Professor highlights relationship between oil, politics in US
Courtney Becker | Monday, February 13, 2017
Darren Dochuk, associate professor of history, addressed the relationship between oil, religion and politics in the United States as part of the Higgins Lunchtime Labor Research, Advocacy and Policy (RAP) series Friday.
Dochuk said oil has a long and rich history as an important resource in the United States.
“Oil achieved unprecedented status in the mid-20th century — the 1930s to the 1950s — as leverage for America’s authority in the hydrocarbon age,” he said. “But it first captured America’s heart at the dawn of the 20th century as the fuel and lubricant that would light its cities and grease its modern machinery and economic ascent.”
Dochuk said oil’s connection to religion began primarily with Henry Luce, a co-founder of Time Magazine.
“It directly influenced God-fearing individuals with clout, who translated crude and Christianity’s vision of the future into real institutional structures, policies and outcomes of significance,” he said. “ … For Luce, petroleum was a limitless power that held the capacity to transform the world into something godlier and good.”
Luce’s involvement with the oil industry prompted an entirely new movement based on the combination of oil and religion, Dochuk said.
“Luce’s aspirations mirrored those of a cadre of corporate, church and state visionaries who believed that petroleum-fueled Christian democracy … integrated and partnered with the state could guarantee this nation’s post-war influence,” Dochuck said. “This cadre of corporate church and state visionaries accelerated intensified outreach on behalf of what I call the ‘civil religion of crude.’ And this civil religion of crude at mid-century was designed to steer the United States’ oil sector and society out of several unfolding crises that emerged at that moment.”
Dochuk said these crises, such as fear of depleting the nation’s oil supply, drove big businesses to drill for oil abroad.
“Driven by fear and optimism, large corporations started chasing wider prospects,” he said. “ … With something momentous in reach, Chevron started sending workers to Saudi Arabia’s outback to consult with [tribes] and to drill. By 1940, assurances of shared destiny predominated as local and U.S. operatives together hunted bigger pools.”
One person who distinguished himself in the oil business particularly well, Dochuk said, was John D. Rockefeller.
“John D. Rockefeller embodied the civil religion by placing the profits of his family’s standard oil empire in the service of its broad initiatives,” he said. “Frustrated with outmoded strategies of corporate and church outreach, he built a philanthropy that stressed scientifically informed global development.”

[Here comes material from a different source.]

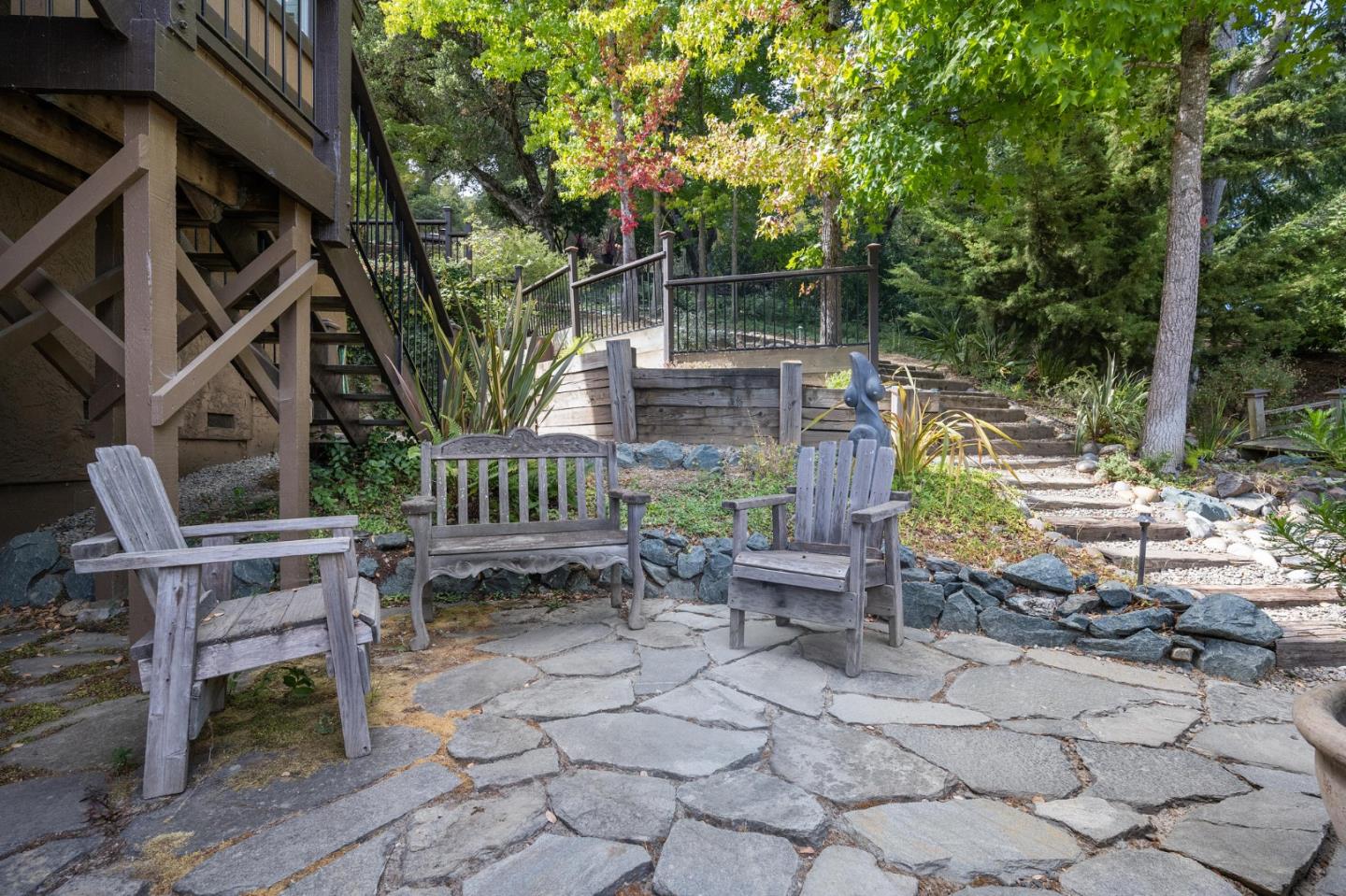 25 Preston Road Woodside, CA 94062 - Photo 46 of 71 a view of a chair and table in backyard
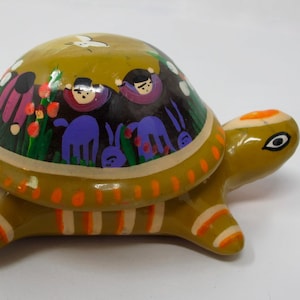 May include: Hand-painted ceramic turtle figurine in shades of olive green, orange, and cream. The turtle's shell features a colorful scene with figures, flowers, and rabbits. The figurine is approximately 6 inches long.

Rockefeller’s success in the oil trade, however, left him and his family with plenty of enemies, Dochuk said.
“Those who inhabited oil patches were also filled with the spirit of rebellion, which was present from the beginning due to their marginalization by the Rockefellers,” he said. “ … The revolt intensified in the 1930s and ’40s in response to U.S. oil’s shift to foreign fields.”
In the midst of dissent against the Rockefeller monopoly of the oil market, Dochuk said, Sunoco emerged as a worthy competitor.
“Sunoco’s executives were the antithesis to Washington politicos and standard CEOs,” he said. “They focused on the interests of local people and their economic health, took care of the little man and royalty owners — with whom they collaborated — and stayed true to the politics of the small producer.”
Dochuk said Sunoco joined forces with other smaller oil moguls to challenge the Rockefellers and begin to turn the oil industry into what it is today.
“On a purely political level, the clash of the two gospels of crude animated some of the most crucial pivots in 1940s federal governance,” he said. “The struggle certainly played out as a clash of competing economic interests, but it was also a matter of colliding world views. Nurtured in different workscapes of oil, it was a culture war that folded matters of faith, labor and corporate politics into two competing sides.”